NOVEMBER 19, 2021
Rise in Lab Space and Resilience of Medical Office
The following report is the fifth in a series from ASB that discusses the outlook for commercial property markets.
Authors:
Larry Braithwaite, Senior Vice President and Portfolio Manager
Cassidy Toth, Head of Research
The Rise of Lab Space. COVID-19 has highlighted how important the life sciences industry and R&D infrastructure have become to our national security. As a result, public and private funding of pharmaceutical research, development and manufacturing has surged, boosting employment in life sciences and increasing demand for space in lab buildings. Life sciences companies raised over $38 billion in just the first half of 2021, a 77% increase year-over-year, which marks a pronounced acceleration compared to the 18% compound annual growth in life science investment experienced over the past decade.1
The real estate implications of this funding growth have manifested in precipitous growth of lab buildings. These specialized buildings typically feature space that accommodates the handling of biological or chemical agents required in the development of pharmaceutical drugs, including enhanced ventilation infrastructure, significantly greater plumbing requirements, greater loading dock capacity, taller ceiling heights, larger floor plates, enhanced security, and increased power generation. Lab buildings which house R&D facilities often include office space and are widely viewed as a sub-sector of the office market, while lab buildings that manufacture pharmaceuticals, a smaller percentage of the market, are considered an industrial sub-sector. Even though lab space is projected to grow by an aggregate 25% in 2020 and 2021, the hypergrowth market is expected to remain undersupplied.2 During the second quarter of 2021, the three core life sciences markets including Boston, San Francisco Bay area and San Diego averaged leasing activity which comprised an astonishing 17% of inventory.1 Given the strong fundamentals which are expected to continue in the foreseeable future due to strong consumer demand for pharmaceuticals, a healthy capital market for life sciences funding along with an aging population, lab space presents a compelling investment opportunity in the wake of the pandemic. In major life science hubs, strong space demand is driving conversion of office buildings to lab buildings, providing support to office markets and offsetting work from home challenges by reducing traditional office inventory and vacancy.
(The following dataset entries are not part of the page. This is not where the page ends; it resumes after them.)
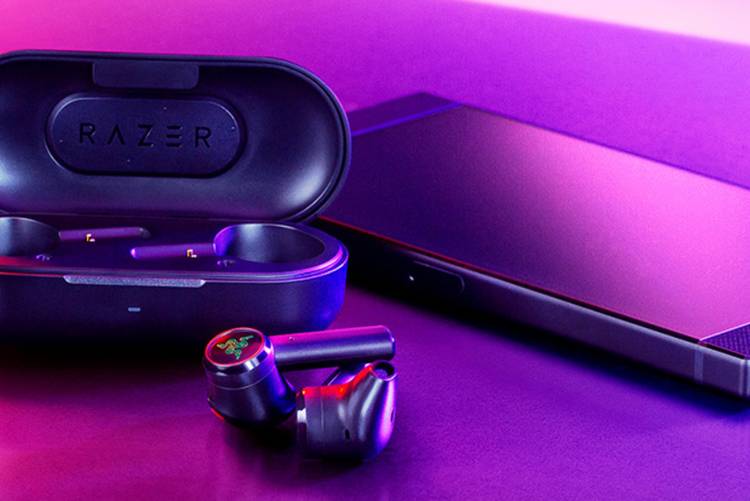 Razer's Hammerhead wireless earbuds for gamers look like black AirPods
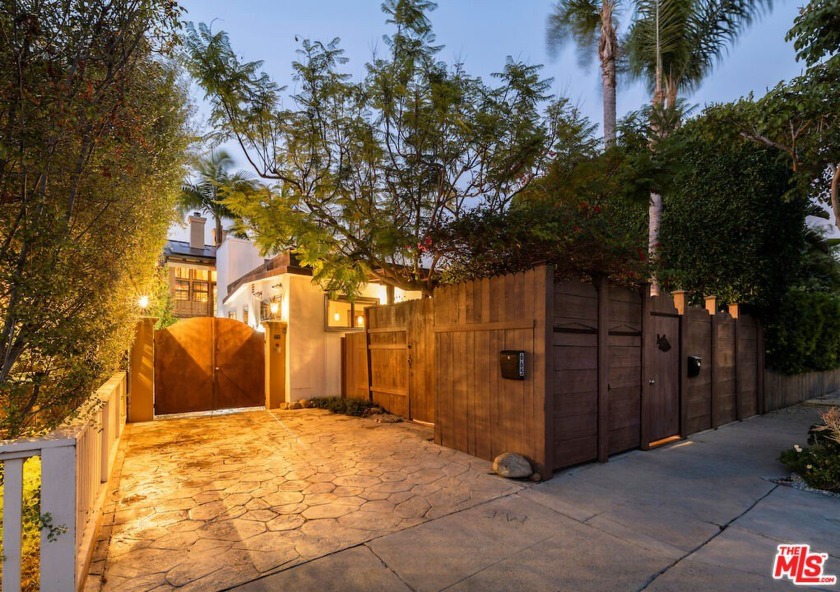 Situated in the heart of Venice's highly sought-after - Beach Home for sale in Venice, California on Beachhouse.com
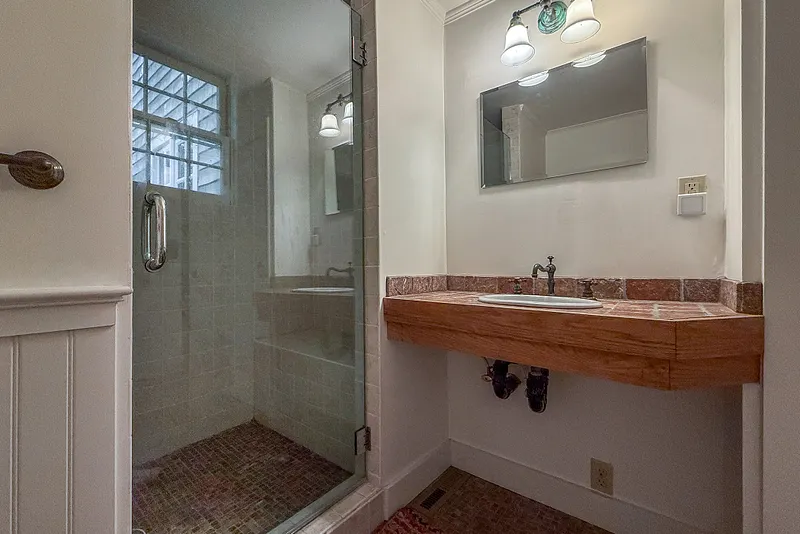 130 Lake Drive Photo 20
The Resilience of Medical Office. Another office sub-sector that is garnering significant investor interest is medical office. As the name suggests, medical offices house physician practice space focusing on the patient clinical experience including doctor’s visits, testing and diagnostics, and out-patient procedures. The most prized medical office investments are campus settings that house a critical mass of clinical operations typically on a long-term lease by a major medical institution. In the early stages of the pandemic as lockdowns and strict social distancing measures were announced, many Americans decided to forego elective procedures in order to avoid exposure to medical facilities which were perceived to present elevated risk of COVID-19 infection. Because elective procedures are oftentimes the most lucrative profit centers for medical complexes, payrolls in ambulatory healthcare services, which include medical treatments that do not require hospitalization, lost close to 1.4 million jobs.3 However, the long-term nature of leases helped to insulate fundamentals and a rebound in elective procedures, ambulatory healthcare services payrolls, and medical office utilization have all helped alleviate the acute financial strain that providers experienced during the pandemic.
Although COVID may have temporarily dampened demand, the pandemic helped underscore the resilience of medical office space which houses the essential workers who provide essential medical care to the American public. This perspective helped preserve liquidity for medical office which experienced a significantly lower decline in transaction volume compared to traditional office during the pandemic, and even compared favorably to industrial.4 See Exhibit B.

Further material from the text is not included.